I have schwalbe marathon supreme i think. well its the no2 best marathon tire. Really good grip and puncture protection.
Its not a plus tire with gel inside but its still very good. [







Marathon Supreme HS 382 | Schwalbe North America

I also run continetal contact 2 Continental Bicycle -CONTACT II
also veeery good grip and no punctures.

I could'nt find top contact2's Continental Bicycle -Top CONTACT II
otherwise i would have gotten those. they are probably better than the contact 2s.

I'm running these on dt rims and ihave experienced no problems whatsoever getting them off or on.

before i ran speed disc rims and Continental Bicycle -Touring Plus
They were called contact before and they have the plus gel inside. really fast tires but slightly heavy. totally indestructable and really good grip. used them for 4 years and they will run for about 2-3 more i guess.

get ones that are smooth in the middle!!
Continental Bicycle -Overview City / Trekking / ATB
City / Touring | Schwalbe North America

for winter time i use these nokian w240 SUOMI TYRES
much better than schwalbe ice spikers! (which i also used to a couple of years)


----------



## sunvalleylaw (Jun 21, 2010)

I have used Ritchy Tom Slicks and have had good luck. I did have one thorn flat though. I don't think any tire other than a goo filled one would have resisted the thorn puncture though.

Ritchey Tom Slick Comp Tire at BikeTiresDirect


----------



## crank1979 (Feb 3, 2006)

I haven't found anything that can ward off the dreaded truck tyre belt wire from puncturing my tyres. I've flatted with Marathon Plus and Durano Plus tyres, as well as IRC Formula Pro X-guard tubeless, Hutchinson Fusion 3 tubeless and Maxxis Refuse with Mr Tuffy tyre liners.

My next attempt will be setting up the Durano Plus tyres tubeless.


----------



## sunvalleylaw (Jun 21, 2010)

I am pretty lucky my commute is on a relatively rural bike path (rails to trails) between two small towns. Lots less of that kind of highway/freeway garbage hazard than some of you deal with. Maybe a thorn here or there, or a construction staple (took one of those through the tread of my rear Maxxis Ignitor and out the sidewall once) or nail now and again, but generally a lot less stuff.


----------



## mtbxplorer (Dec 25, 2009)

crank1979 said:


> I haven't found anything that can ward off the dreaded truck tyre belt wire from puncturing my tyres.

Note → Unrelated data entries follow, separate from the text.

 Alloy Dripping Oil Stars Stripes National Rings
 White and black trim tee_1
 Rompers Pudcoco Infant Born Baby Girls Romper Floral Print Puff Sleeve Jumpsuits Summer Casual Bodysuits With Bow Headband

I don't think anything will work for that. Having visited places that chip up old tires, I know that exposed steel belts from tires can go right through pickup truck tires.


----------



## leeboh (Aug 5, 2011)

^^^ Tubeless would work well.


----------



## crank1979 (Feb 3, 2006)

leeboh said:


> ^^^ Tubeless would work well.


That's what I'm hoping when I try to convert the Duranos and Marathons to tubeless.

The road tubeless tyres have worked okay, but not great on my commute. For general road riding they are brilliant though.


----------



## crank1979 (Feb 3, 2006)

I've got the Durano tyre on the rear sealed up on Mavic XM719 rims using Gorilla tape, Stans sealant and tubeless valves. So far they are holding air nicely except for one of the two puncture the tyre had. It's slowly sealing up though. The sealant hasn't come through the tyre at any other point.


----------



## car bone (Apr 15, 2011)

I question the necessity of tubeless commuter tires. When I was running the Contact 1 with gel inside I had zero punctures in 4 years. glass, sharp gravel, dope needles, heavy industrial sites and bombing into curbs doesn't break these. I've had similar experience with the contact2 and marathon supreme. Also I change tires for the winter and then its a hassle with tubeless and gunk.


----------



## crank1979 (Feb 3, 2006)

I'm just looking for the best solution to my commuting puncture issue. 

When I moved further from work (from 15km to 55km) I rode my first two commutes on my road bike with Conti GP4000S tyres because that's what I used on the short commute. Those two days destroyed the tyres. My fault, woring tyres for the job.

Then I went to Maxxis Re-fuse tyres, which I found punctured less at 130psi than the recommended maximum of 120psi. However I was still getting at least one puncture over 3 days of commuting a week. I chucked some Mr Tuffy tyre liners in and had it down to about one puncture a fortnight. But the road feel was horrible.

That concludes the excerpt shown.